◆ Source data
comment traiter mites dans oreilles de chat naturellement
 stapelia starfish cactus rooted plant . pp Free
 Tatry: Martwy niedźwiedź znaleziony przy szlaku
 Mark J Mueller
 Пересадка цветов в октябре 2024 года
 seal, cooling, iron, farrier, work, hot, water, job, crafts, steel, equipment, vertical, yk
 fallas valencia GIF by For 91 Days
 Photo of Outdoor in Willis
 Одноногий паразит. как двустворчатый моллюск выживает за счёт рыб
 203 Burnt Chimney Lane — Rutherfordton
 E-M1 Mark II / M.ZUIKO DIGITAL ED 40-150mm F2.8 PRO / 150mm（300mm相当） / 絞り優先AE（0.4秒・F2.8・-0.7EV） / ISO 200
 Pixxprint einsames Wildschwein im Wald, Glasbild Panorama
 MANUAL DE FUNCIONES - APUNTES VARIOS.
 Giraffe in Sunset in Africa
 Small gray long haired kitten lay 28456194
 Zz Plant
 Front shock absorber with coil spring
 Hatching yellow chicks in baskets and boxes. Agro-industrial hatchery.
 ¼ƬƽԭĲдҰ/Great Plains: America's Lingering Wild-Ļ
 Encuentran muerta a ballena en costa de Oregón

◆ Exercise description
In the listing above, take the line containing "equipment, vertical, yk" as the start and write out every line through the last one exactly, with nothing added.

◆ Solution below
 seal, cooling, iron, farrier, work, hot, water, job, crafts, steel, equipment, vertical, yk
 fallas valencia GIF by For 91 Days
 Photo of Outdoor in Willis
 Одноногий паразит. как двустворчатый моллюск выживает за счёт рыб
 203 Burnt Chimney Lane — Rutherfordton
 E-M1 Mark II / M.ZUIKO DIGITAL ED 40-150mm F2.8 PRO / 150mm（300mm相当） / 絞り優先AE（0.4秒・F2.8・-0.7EV） / ISO 200
 Pixxprint einsames Wildschwein im Wald, Glasbild Panorama
 MANUAL DE FUNCIONES - APUNTES VARIOS.
 Giraffe in Sunset in Africa
 Small gray long haired kitten lay 28456194
 Zz Plant
 Front shock absorber with coil spring
 Hatching yellow chicks in baskets and boxes. Agro-industrial hatchery.
 ¼ƬƽԭĲдҰ/Great Plains: America's Lingering Wild-Ļ
 Encuentran muerta a ballena en costa de Oregón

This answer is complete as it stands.